IRS Watchdog Recovers 30,000 Emails For Investigation, IRS Claimed Computer Was Fried


The government watchdog for the IRS has found 30,000 emails relevant to the congressional inquiry into IRS targeting of conservative groups, according to the Wall Street Journal. The emails were either to or from Lois Lerner, who was in charge of the IRS division that processed applications for tax exempt status.

In congressional hearings Lois Lerner had to plead the fifth, refusing to testify based on her right to avoid self-incrimination, although she claimed to have done nothing wrong or illegal. She later resigned from the IRS, but the investigation over targeting conservative groups has been ongoing.

The Treasury Inspector General for Tax Administration, the government organization that audits the IRS, have now told Congress that they have recovered 30,000 emails off of Lerner’s computer. Originally, she claimed that the computer had crashed in 2011, and there was no way to get the emails back, but it turns out that may have been overly pessimistic.

The investigators claim that the emails could be relevant to the investigation, though they have not specified anything further.

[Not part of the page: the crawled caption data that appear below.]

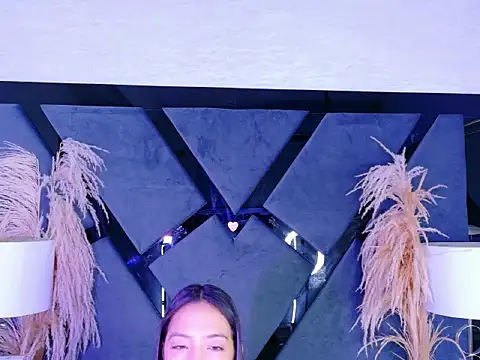 Snapshot of KylieWhitee chatting on 02-19-26, 12:01 KylieWhitee online show from 02-19-26, 12:01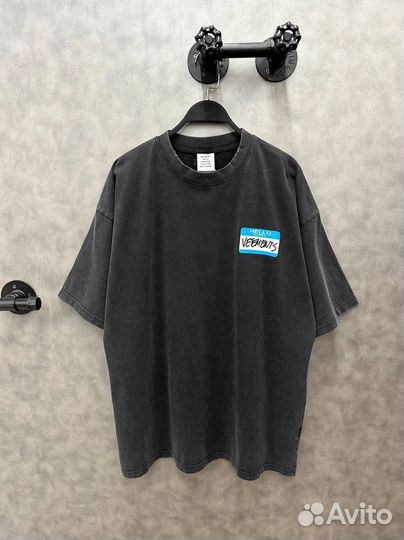 Футболка vetements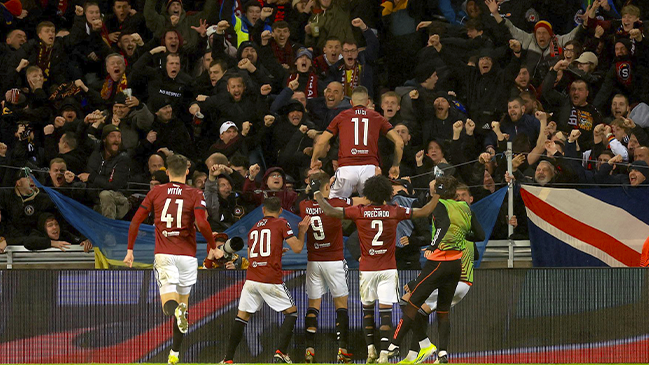 Sparta Praga remontó con goleada y eliminó a Galatasaray en Europa League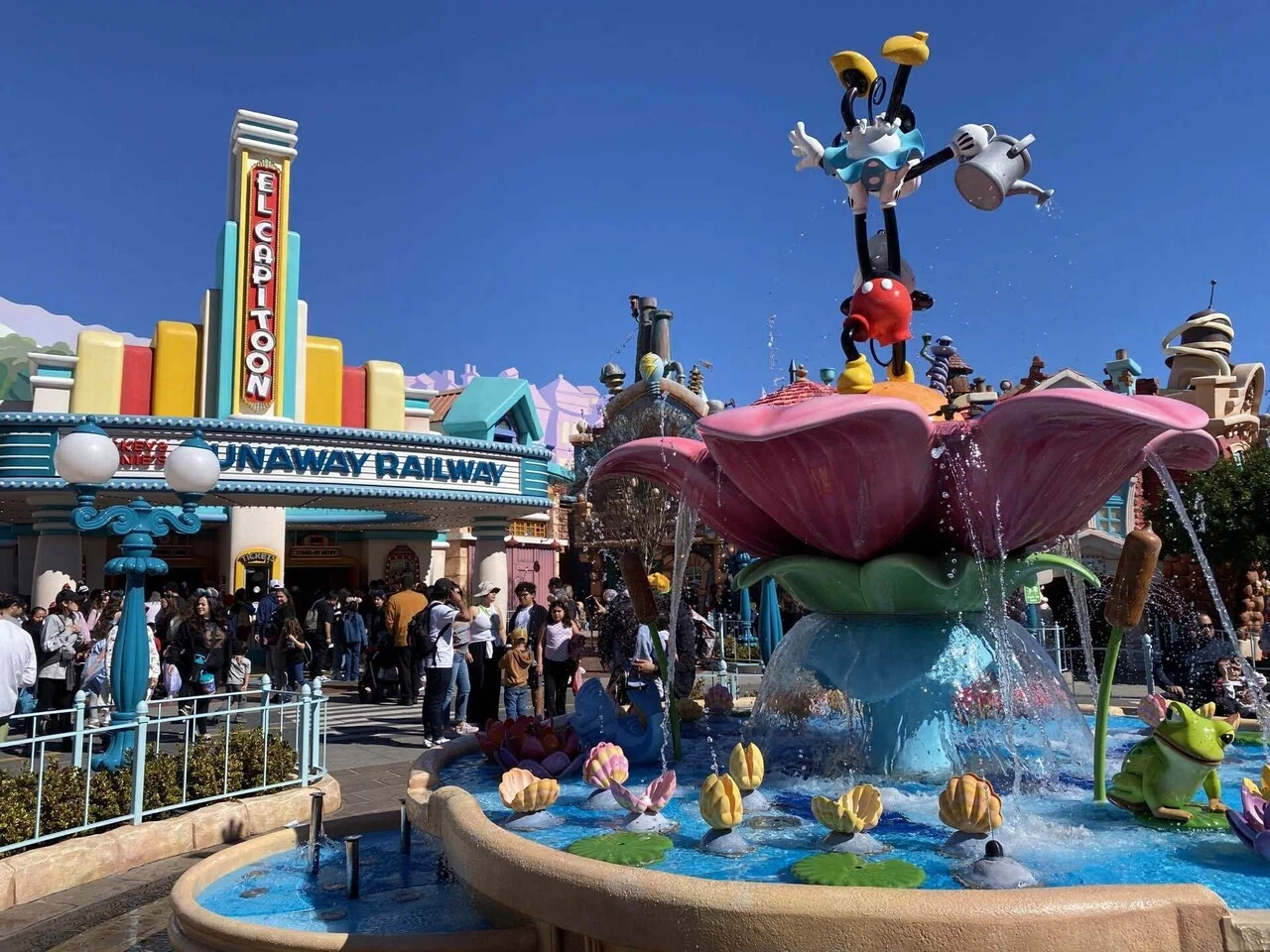 カリフォルニアディズニー旅行記【2日目・ディズニーランド】｜白壁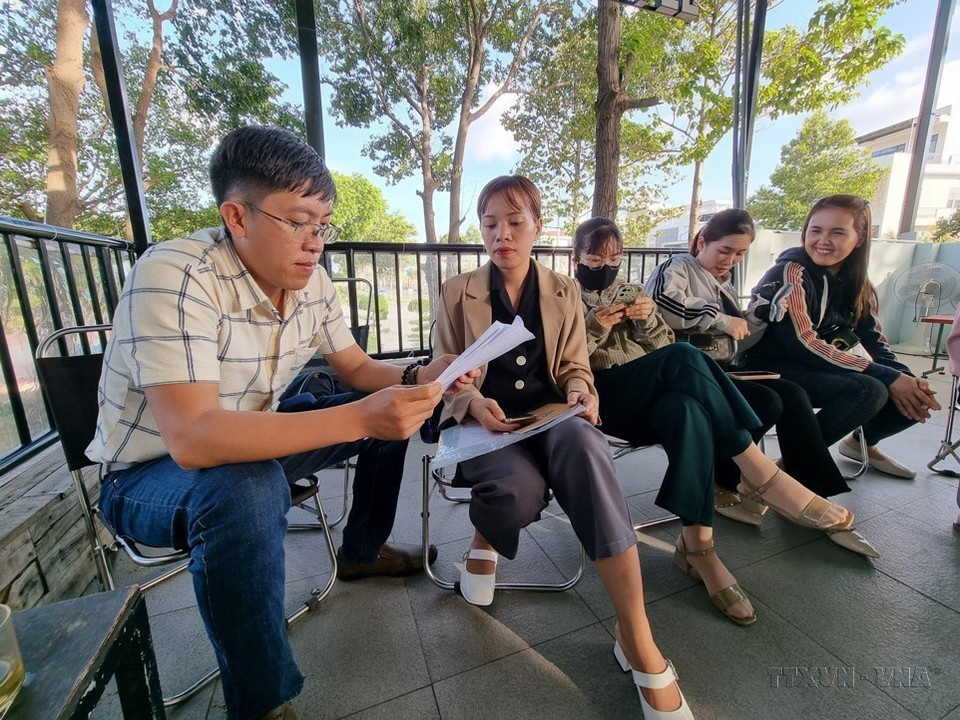 Phóng viên Thông tấn xã Việt Nam trao đổi với sinh viên trên địa bàn tỉnh Ninh Thuận, học liên thông từ trình độ Trung cấp lên Đại học, ngành Giáo dục Mầm non (niên khóa 2020-2023). 51 sinh viên này đang rơi vào tình cảnh đã nộp đủ tiền học phí, đã thi tốt nghiệp nhưng không được cấp bằng đúng thời hạn. (Ảnh: Nguyễn Thành/TTXVN)
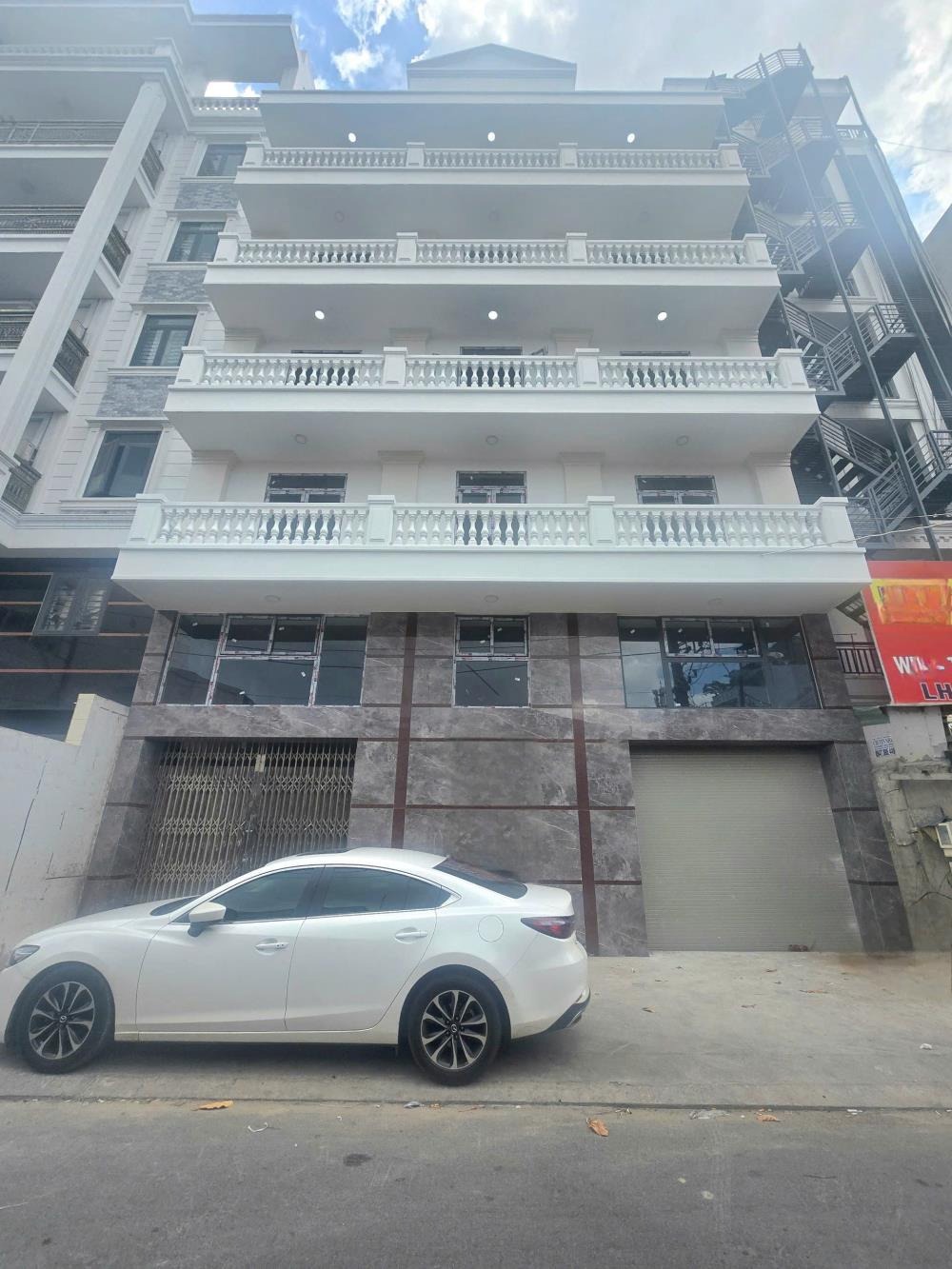 Cho thuê tòa nhà mặt tiền Dương Văn Dương, Tân Phú - 480m2, Đúc 1 Hầm, 5 Tầng
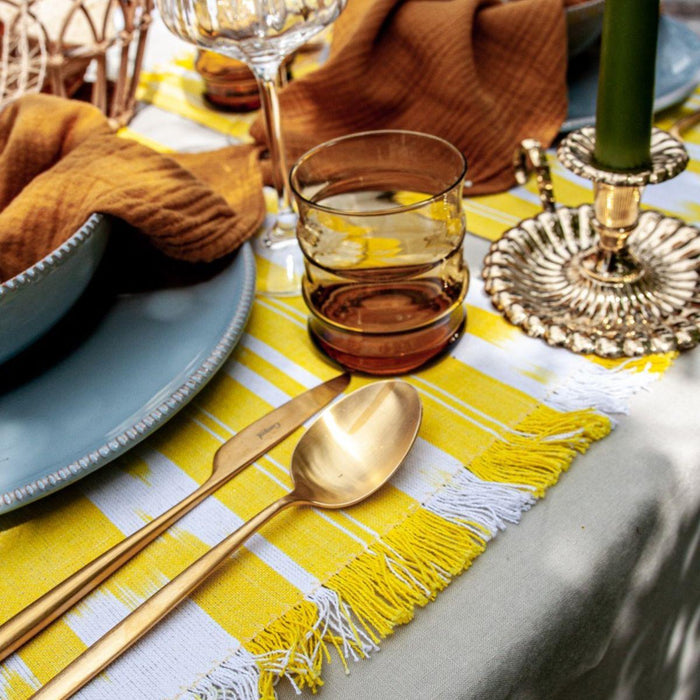 Placemat rafelrand Amarillo Limon motief 104 50x35cm Teixits Vicens - FOODIES IN HEELS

According to CNBC, a spokeswoman for the investigators refused to comment, saying that the investigation was still underway. A congressional aid said that it could take weeks for the emails to even be ready to examine. Investigators will have to decrypt the emails and remove sensitive tax payer information.

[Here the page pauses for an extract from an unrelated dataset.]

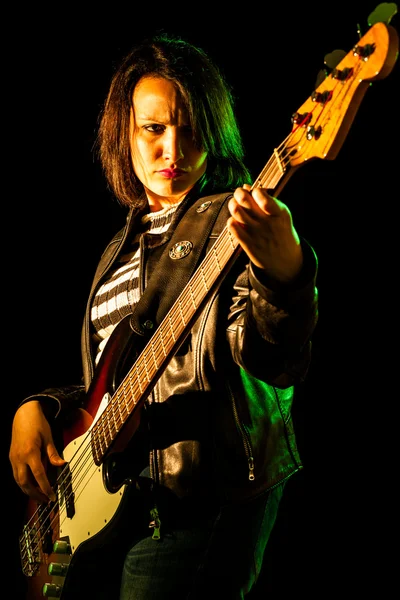 Рок жінка грає електричний бас гітара — стокове фото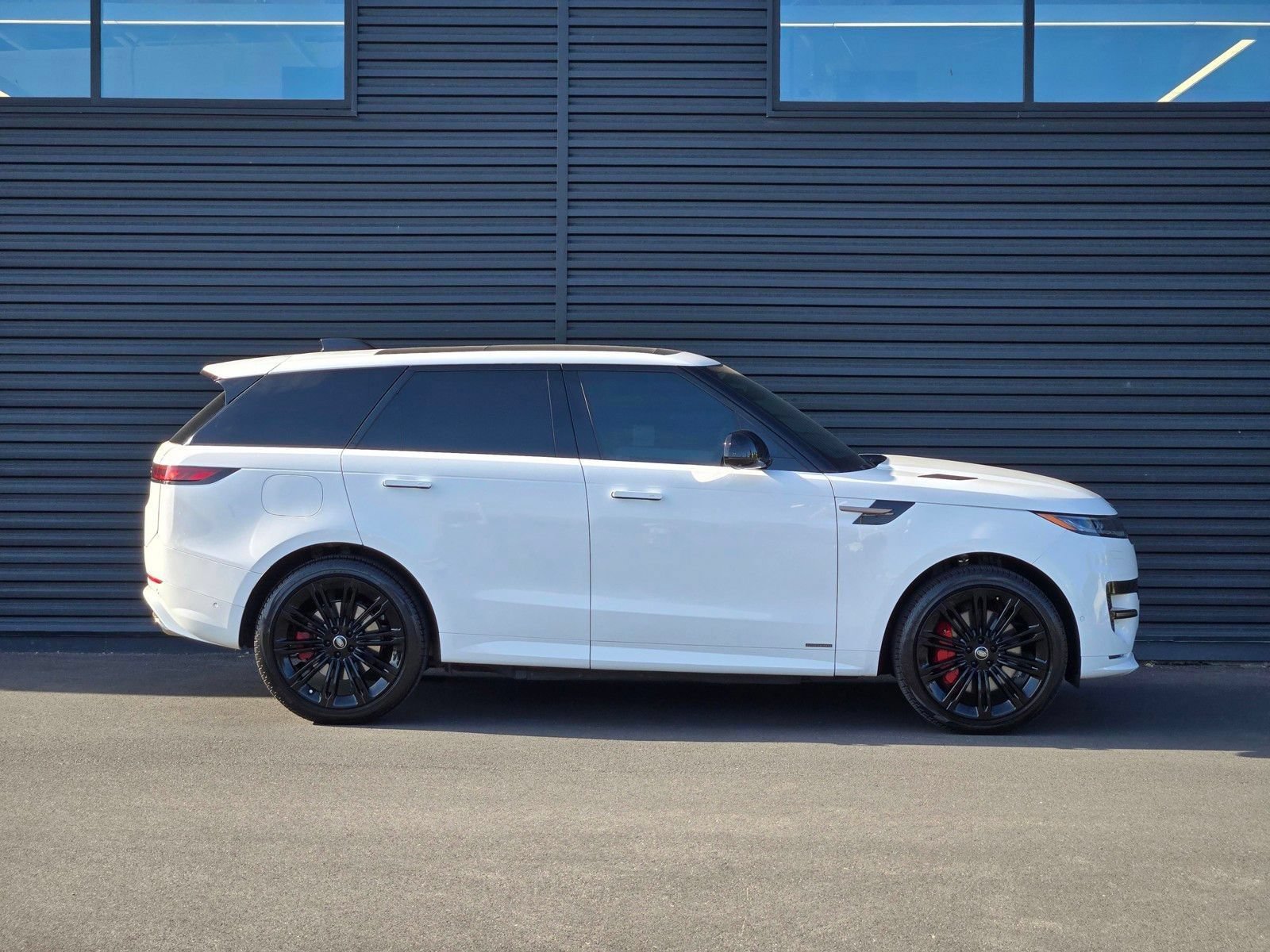 Used 2024 Land Rover Range Rover Sport Autobiography AWD/4WD image 8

Once the emails are ready, they might provide the piece of evidence Congressional Republicans have been looking for: proof of a political motive.

A report that came out in May of 2013 said that the IRS handling of certain groups was needlessly burdensome. Some liberal groups were given similar treatment, but Congressional Republicans claim that conservative groups got the worst of it.

The IRS has admitted that the tax exempt status application processing for some groups was handled inappropriately, but there has been no evidence that anyone outside the IRS was involved.

As previously reported by the Inquisitr, the IRS targeted conservative groups promoting more stringent voter ID laws, an issue the Justice Department has been particularly active in fighting. One group in particular, the Texas-based True the Vote, lost a lawsuit against the IRS for its burdensome handling of their tax-exempt status application. The judge in the case ruled that since the IRS has already corrected the problem, there was nothing the court could do.

The case also revealed that the IRS suspected the group of political campaigning, which is illegal for the purposes of their tax status because of anti-Democratic party rhetoric found on the group’s website. This means that the IRS may not have had a political motive, but was inappropriately handling a potential fraud case.

In any case, the emails may soon bring new life to the IRS investigation, and make future lawsuits a little more interesting.